Vaststaat, dat zowel belanghebbende als de Inspecteur van mening zijn, dat artikel 23 van de BRK op belanghebbendes situatie dient te worden toegepast. In geschil is slechts de wijze, waarop met de hypotheekrente rekening dient te worden gehouden. Naar het oordeel van het Hof behoeft derhalve belanghebbendes subsidiaire beroep op het vertrouwen, gewekt door de uitlatingen van de Staatssecretaris van Financiën tijdens de parlementaire behandeling van de wijziging van de BRK (Wetsontwerp 18747, VN 1985, blz. 1126 e.v.), dat het nodige wordt verricht opdat de BRK voorgaat bij de toepassing van de belastingwetgeving, geen behandeling.
4.2. Belanghebbende beroept zich ter onderbouwing van haar standpunt op de tekst van artikel 23 van de BRK. Dat artikel bepaalt:
"Schulden (...) van een inwoner van een van de landen, welke verzekerd zijn door hypotheek op onroerende goederen gelegen (...) binnen een van de andere landen, alsmede rente van zodanige schulden worden in dat andere land in aanmerking genomen als negatieve bestanddelen van het vermogen, onderscheidenlijk inkomen."
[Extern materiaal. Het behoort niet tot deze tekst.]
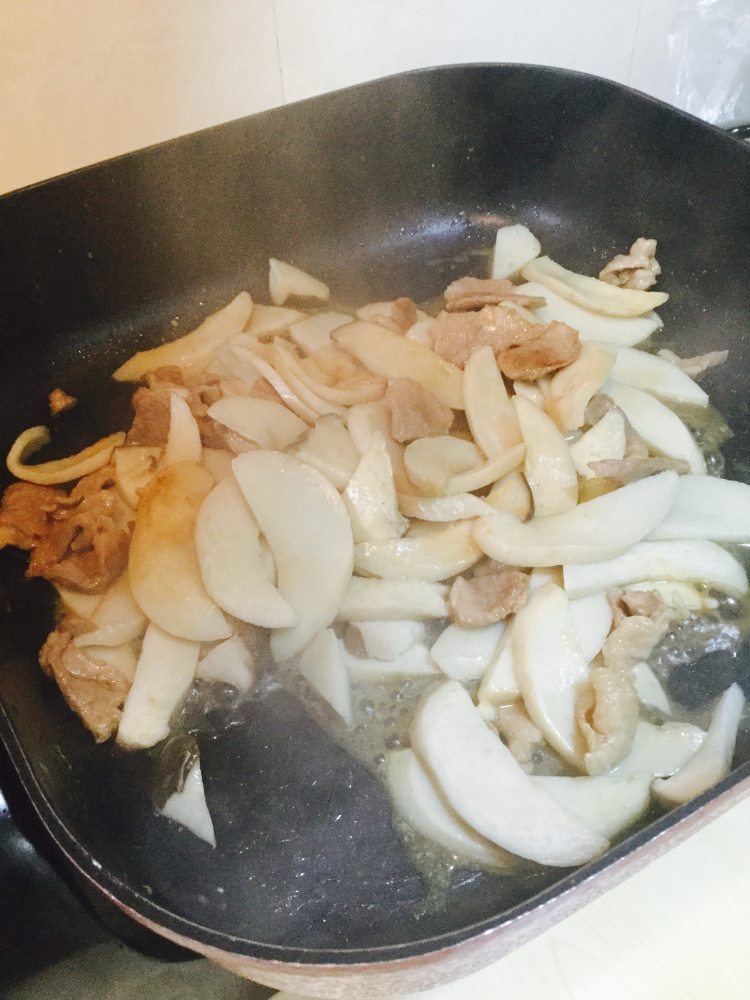 杏鲍菇炒瘦肉步骤8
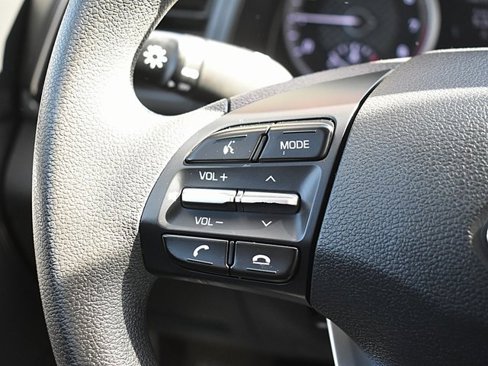 Used 2020 Hyundai Elantra SEL image 38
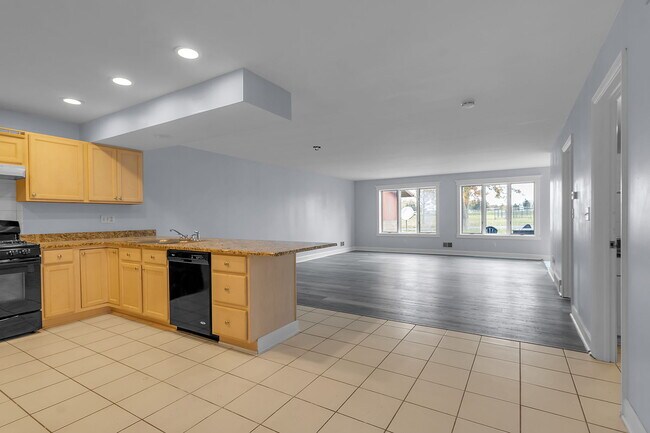 Building Photo - 5938 Newhouse Rd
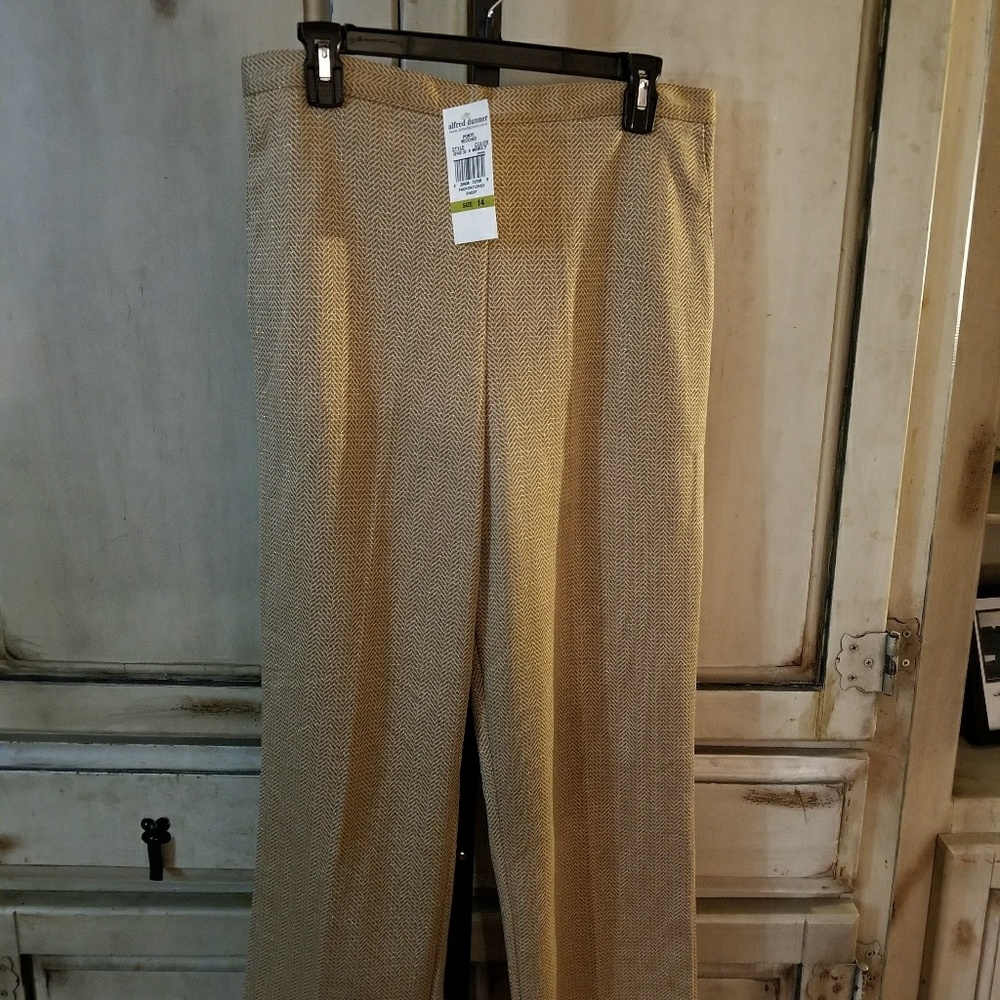 Alfred Dunner Chevron Pattern Short Pants
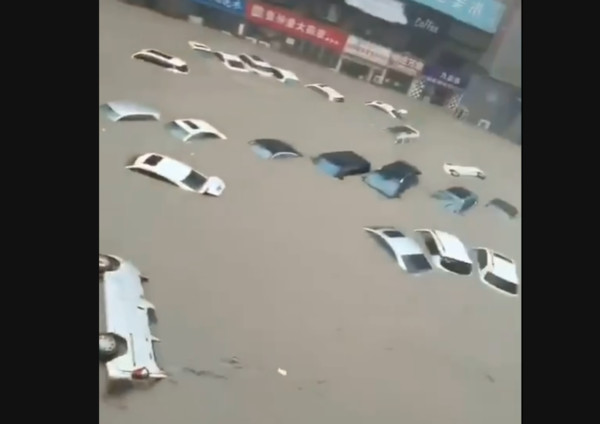 ▲▼河南暴雨「養老院斷電」吸氧機停擺　獨居老人「水淹鼻子」無助求援。（圖／翻攝微博）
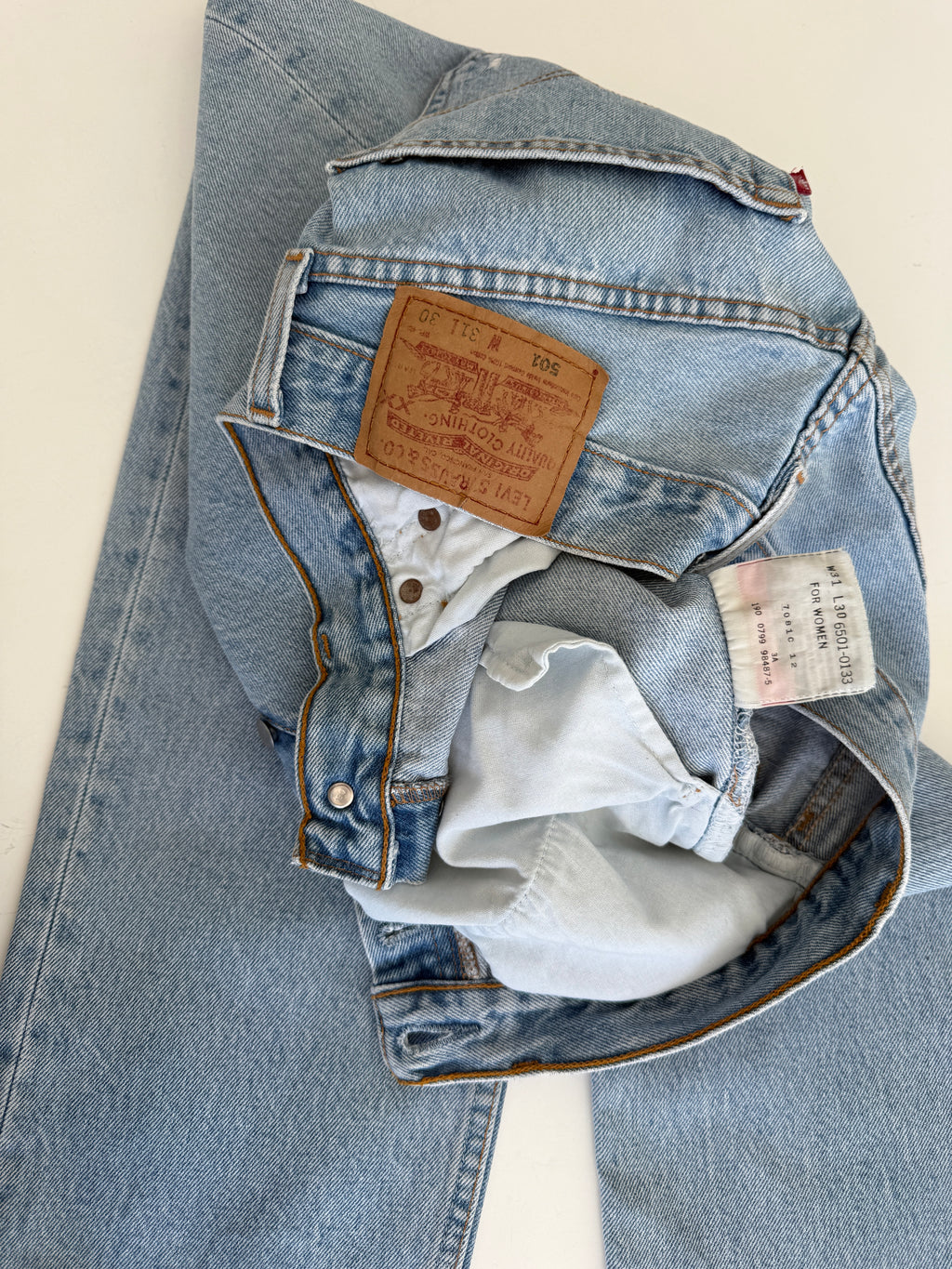 W29 L29 vintage Levis 501s 28/29” measured light blue fade denim 90s 501s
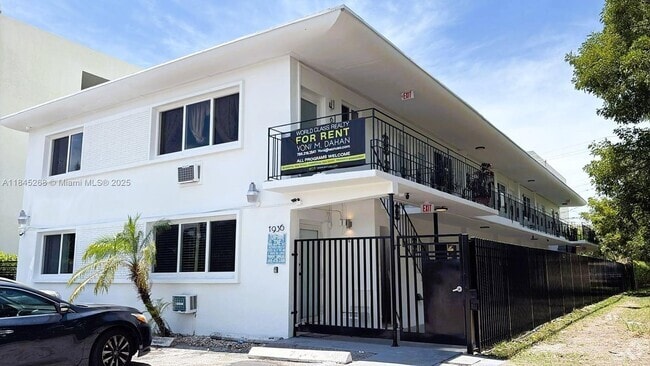Building Photo - 1936 Normandy Dr Unit 10 Rental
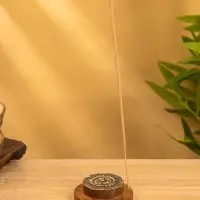 Подставка под благовония "Домовой" 7х7х2,5 см, дерево шишам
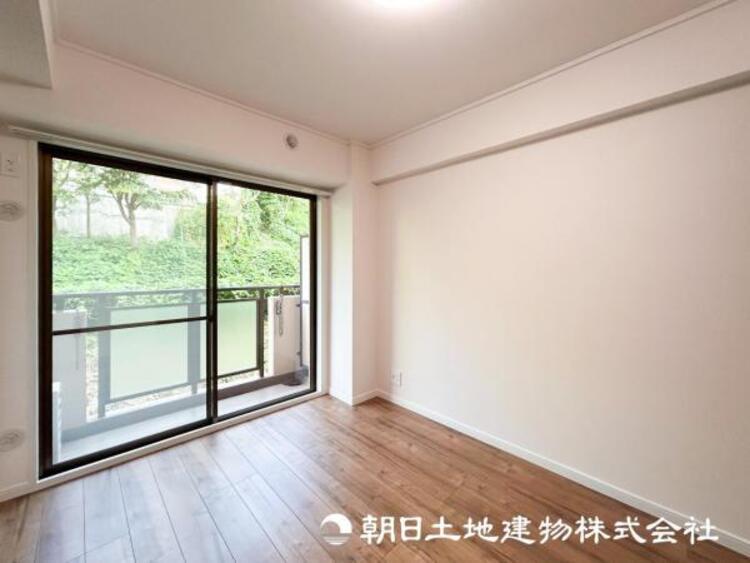 内装 【洋室】一人時間を快適にすごせるように、落ち着いて過ごせる癒しと寛ぎの空間が欲しい。そんな願いを叶えました。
Belanghebbende stelt, dat nu bij de vaststelling van de aanslag inkomstenbelasting 2001 de Inspecteur voor de bepaling van het inkomen van box 3 uitgegaan is van de door belanghebbende aangegeven waarde van de panden, waarop hij slechts de hypothecaire schuld in aftrek heeft gebracht, zodat het gemiddelde van de rendementsgrondslag aan het begin en aan het einde van het kalenderjaar 2001 vastgesteld is op nihil, de hypotheekrente in Nederland niet overeenkomstig artikel 23 BRK in aanmerking is genomen als negatief bestanddeel van belanghebbendes inkomen. Belanghebbende stelt, dat zij naast de aftrek van de schulden in het kader van de berekening van het forfaitaire rendement ook recht heeft op extra aftrek van de hypotheekrente.
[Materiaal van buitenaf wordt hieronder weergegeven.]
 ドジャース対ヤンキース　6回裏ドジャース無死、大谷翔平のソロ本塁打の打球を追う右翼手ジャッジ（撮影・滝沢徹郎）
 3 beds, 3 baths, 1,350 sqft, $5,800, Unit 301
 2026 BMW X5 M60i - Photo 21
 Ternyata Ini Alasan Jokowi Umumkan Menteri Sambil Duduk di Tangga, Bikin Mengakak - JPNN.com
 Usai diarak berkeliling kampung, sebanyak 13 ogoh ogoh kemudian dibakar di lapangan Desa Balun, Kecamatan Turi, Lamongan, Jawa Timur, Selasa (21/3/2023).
4.3. Dienaangaande overweegt het Hof het volgende. Onder de Wet IB 2001 wordt het inkomen uit sparen en beleggen op forfaitaire wijze bepaald. Het inkomen wordt gesteld op 4% van de waarde van de bezittingen minus de schulden en hierop wordt vervolgens een vast tarief van 30% toegepast. Bij de vaststelling van belanghebbendes inkomen van box 3 is rekening gehouden met de hypothecaire schuld en daarmee naar het oordeel van het Hof in het kader van de forfaitaire inkomensvaststelling ook met de hypotheekrente. Naar het oordeel van het Hof is daarmee voldaan aan de uit artikel 23 BRK voortvloeiende verplichtingen. Artikel 23 BRK verplicht Nederland niet tot een afzonderlijke aftrek van de hypotheekrente zoals belanghebbende voorstaat.
4.4. Gelet op het vorenstaande is het gelijk met betrekking tot de in geschil zijnde vraag aan de zijde van de Inspecteur.
5. Proceskosten
Het Hof acht geen termen aanwezig voor een veroordeling in de proceskosten als bedoeld in artikel 8:75 van de Algemene wet bestuursrecht.
6. Beslissing
Het Hof verklaart het beroep ongegrond.
Aldus gedaan op 6 september 2006 door J. Swinkels, lid van voormelde kamer, in tegenwoordigheid van A.W.J. Strik, griffier. De beslissing is op die datum ter openbare zitting uitgesproken.
Aangetekend in afschrift aan partijen verzonden op: 6 september 2006
Het aanwenden van een rechtsmiddel:
Tegen deze uitspraak kan binnen zes weken na de verzenddatum beroep in cassatie worden ingesteld bij de Hoge Raad der Nederlanden (belastingkamer), Postbus 20303, 2500 EH Den Haag. Daarbij moet het volgende in acht worden genomen:
1. bij het beroepschrift wordt een afschrift van deze uitspraak overgelegd.
2. het beroepschrift moet ondertekend zijn en ten minste het volgende vermelden:
a. de naam en het adres van de indiener;
b. een dagtekening;
c. een omschrijving van de uitspraak waartegen het beroep in
cassatie is gericht;
d. de gronden van het beroep in cassatie.
Voor het instellen van beroep in cassatie is griffierecht verschuldigd.
Na het instellen van beroep ontvangt de indiener een nota griffierecht van de griffier van de Hoge Raad.
In het beroepschrift kan de Hoge Raad verzocht worden om de wederpartij te veroordelen in de proceskosten.